Por eso que celebro que, como parte de la conmemoración de los cuarenta años del Nobel, Popayán Ciudad Libro me dé la oportunidad de conversar con uno de nuestros grandes poetas, José Luis Diaz Granados, quien no solo sostuvo con él a lo largo de los años una relación literaria, sino también familiar, personal. A Diaz Granados podré preguntarle sobre García Márquez el hombre, el amigo, el contertulio, el periodista. Tal vez nadie conoce como él la filigrana de aquellos años en que se forjaba la leyenda, la época en que su carácter dúctil se moldeaba a fuerza de devoción, traspiés y obstinaciones. Los años de Prensa Latina, aquel periódico en el que Plinio Apuleyo Mendoza era el director y García Márquez su jefe de redacción, aquella tribuna desde la que a tantos sedujo con su maestría en el oficio. Diaz Granados recordará, sin duda alguna, cómo se fue configurando poco a poco su militancia política, el carácter intelectual que públicamente ostentaba, y que le llevó a reconocer en una entrevista que lo que más le llamaba la atención de ese peso abrumador que implicaba el otorgamiento del Nobel era ese “ensanchamiento del ámbito de acción en materia política para América Latina”.
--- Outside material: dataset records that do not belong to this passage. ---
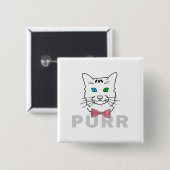 Badge Carré 5 Cm Purr de chat (Devant & derrière)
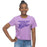 LSU Tigers ZooZatZ Women's Retro Lines Crop T-Shirt - Lavender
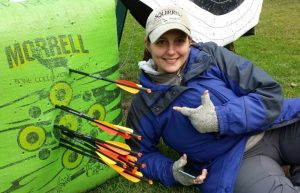 A. T. Baron with the results of her crossbow training at Becoming an Outdoor-Woman ©2015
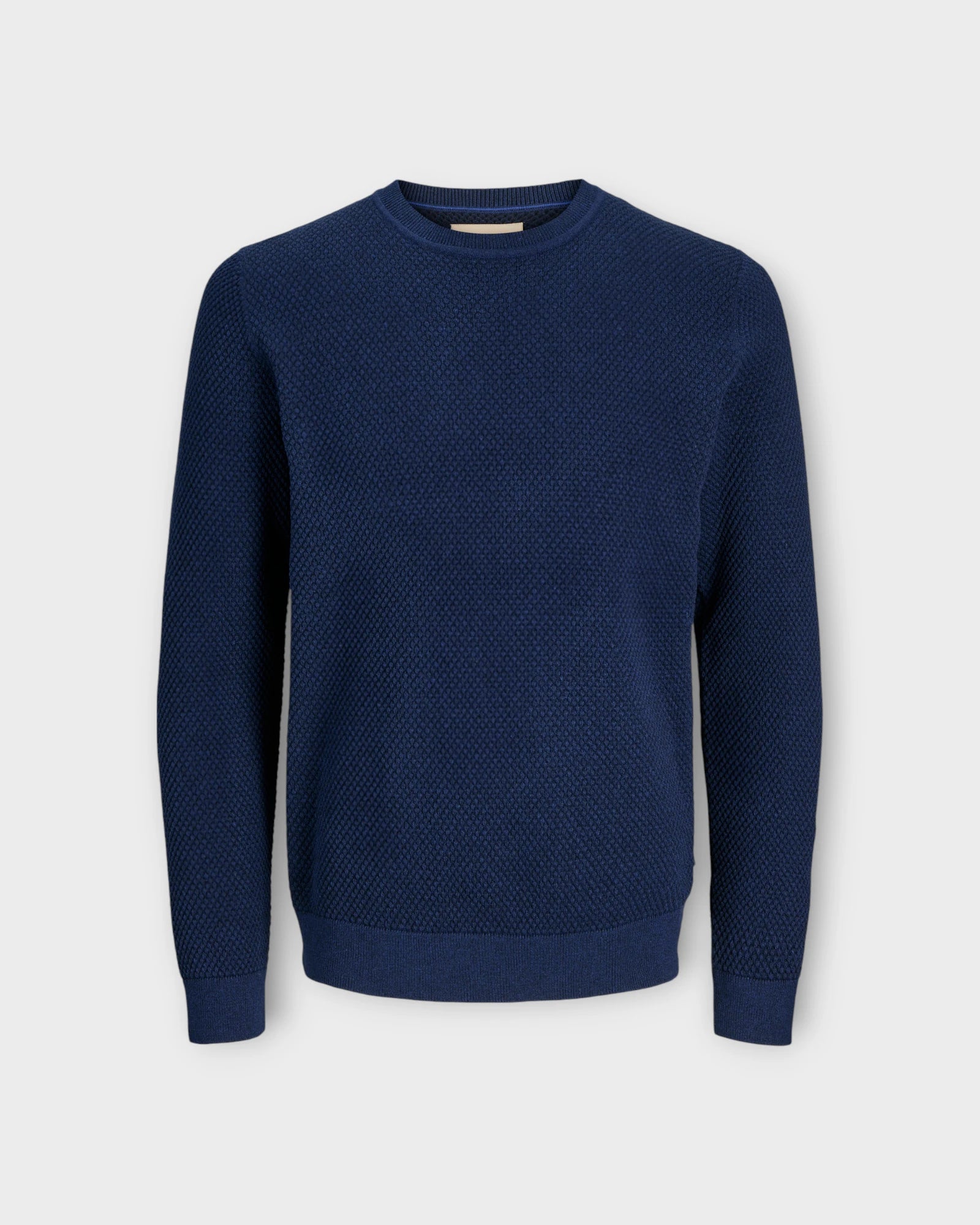 Noah Knit Crew Neck Night Sky/Solid - Blå Jack and Jones Strik til Mænd. Her set forfra.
Nos espera una tertulia que a mí particularmente me tiene con mucha expectativa, porque podremos abordar también el vínculo que García Márquez estableció con la poesía, esa amigable concertación entre poesía y narrativa de la que le habló a Pablo Neruda cuando este lo entrevistó para uno de los programas de entrevistas más emblemáticos de aquellos años. Diaz Granados, poeta, narrador, podrá explicarnos de seguro aquella poética del caribe que se universalizó con su obra, así como otros temas más usuales en cualquier conversación sobre Gabo, relacionados con la influencia de mujeres monumentales como Carmen Balcells, su agente literaria, o Mercedes Barcha, el amor de su vida, cómplice en aquel proyecto literario de una envergadura capaz de poner en alto relieve a un país como Colombia en algo que muchos ni siquiera intuían: la literatura.
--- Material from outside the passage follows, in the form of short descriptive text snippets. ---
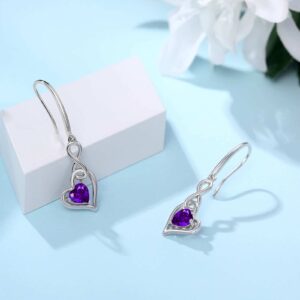 Amethyst Birthstone Drop Earrings for Women - Shysnow February Infinity Dangle Earrings 925 Sterling Silver Heart Purple Cubic Zirconia Drop Crystal Dangling Earrings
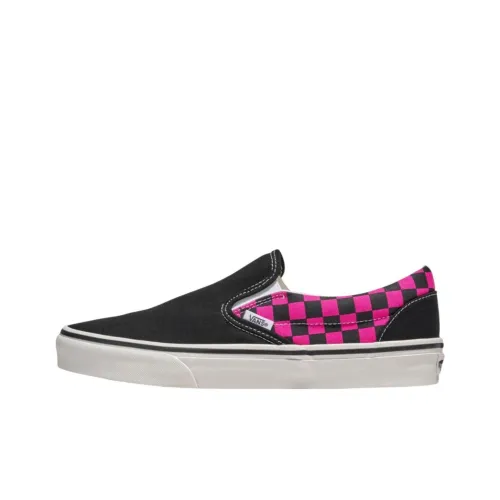 Vans CLASSIC Slip-On Low Top Скейтборд Кроссовки Унисекс Черный Розовый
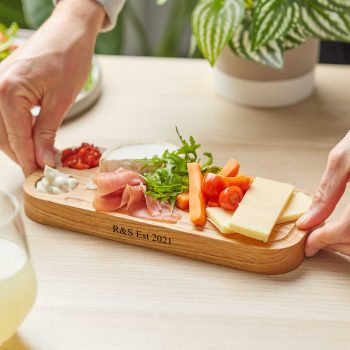 Personalised Oak Party Serving Board with dip dishes
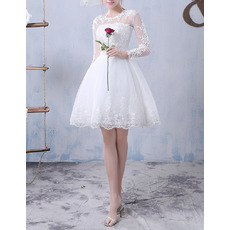 Discount Informal Ball Gown Short Tulle Wedding Dress with Long Sleeves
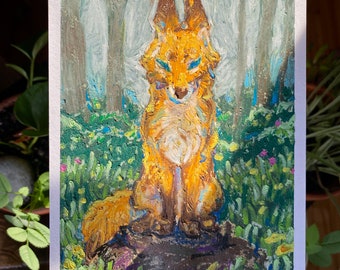 Little Red Fox - Oil Pastel Drawing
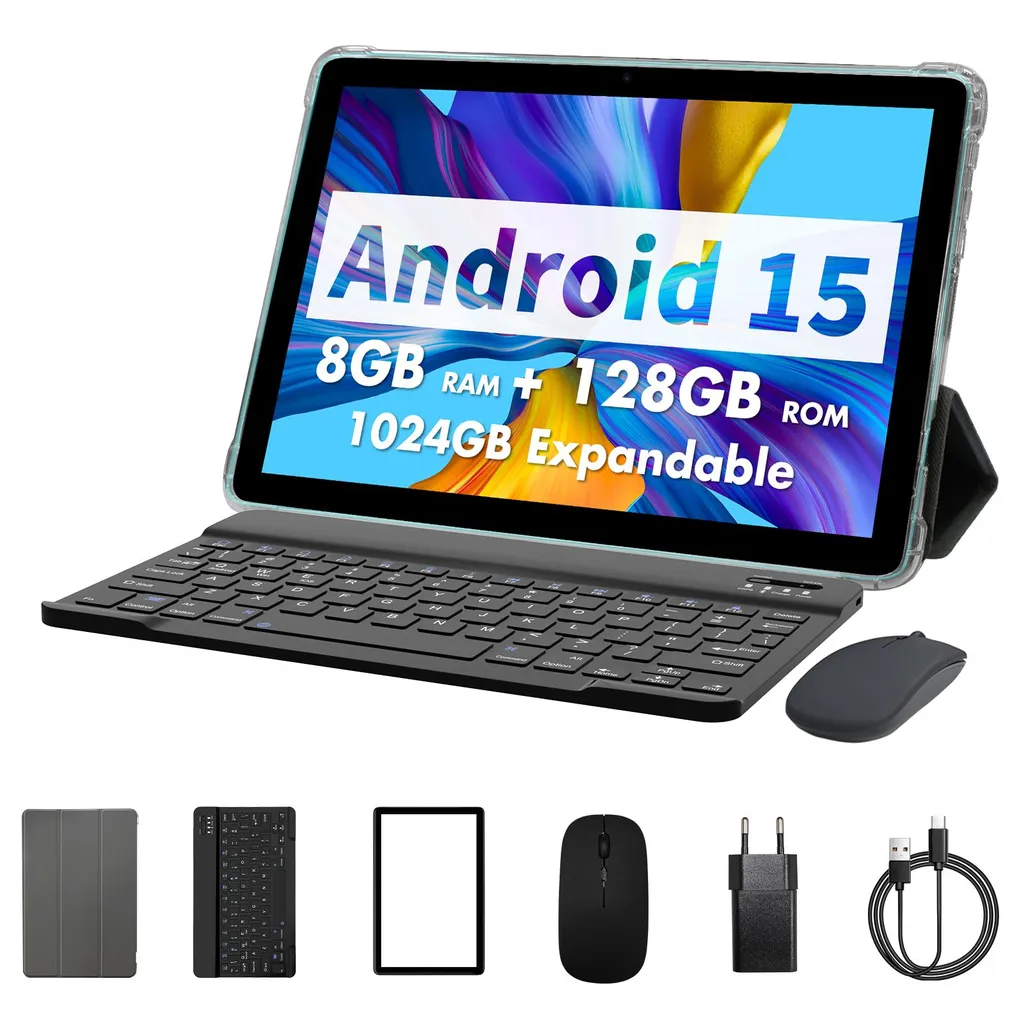Tablette Tactile 10 Pouces Pack Bureau Complet avec Android 14 et 128Go - 12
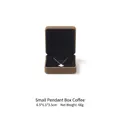 Brown velvet jewelry box for pendants with black lining and luxury metal finish - Knot Dark Brown - Small Pendant Box / Metal Velvet Wrapped Box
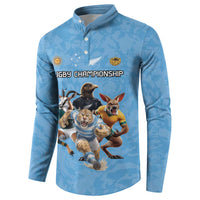 Custom Rugby Southern Hemisphere Button Sweatshirt Argentina AUNZ South Africa Mascot Blue - Polynesian Pride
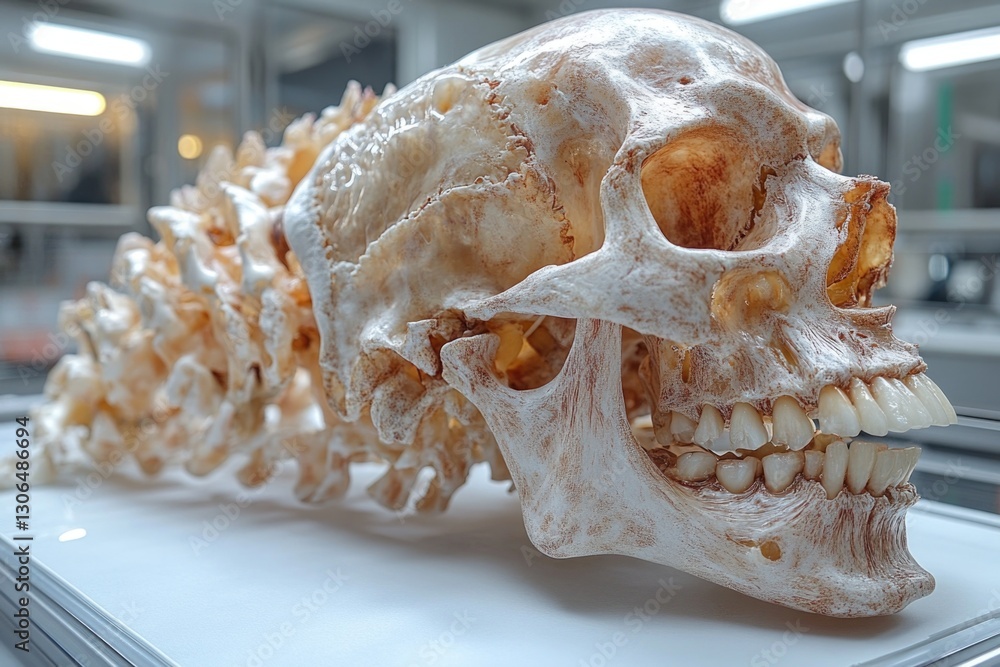 Poster a close-up of a human skull on a dark surface, suitable for use in crime scene or horror-themed scen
Esta es una de las maravillas que suscitan las Fiestas del Libro. Más allá de la posibilidad de promocionar nuestro trabajo como escritores o firmar algunos ejemplares, debe primar siempre el interés genuino de congregarnos en torno al espíritu que subyace, que nutre a diario nuestra devoción y el apasionamiento que sostiene lo que hacemos y como lo hacemos en torno a las letras. Diaz Granados mencionaba en una entrevista lo que representaba para ellos la poesía, refiriéndose a su hijo, el gran poeta Federico Diaz Granados, que más que un oficio era la razón absoluta de sus vidas.
Los esperamos a todos para hablar de Gabriel García Márquez, el escritor, una de nuestras insignias nacionales, el hombre que se aferró a una vida fascinante, y que finalmente vivió para contarla.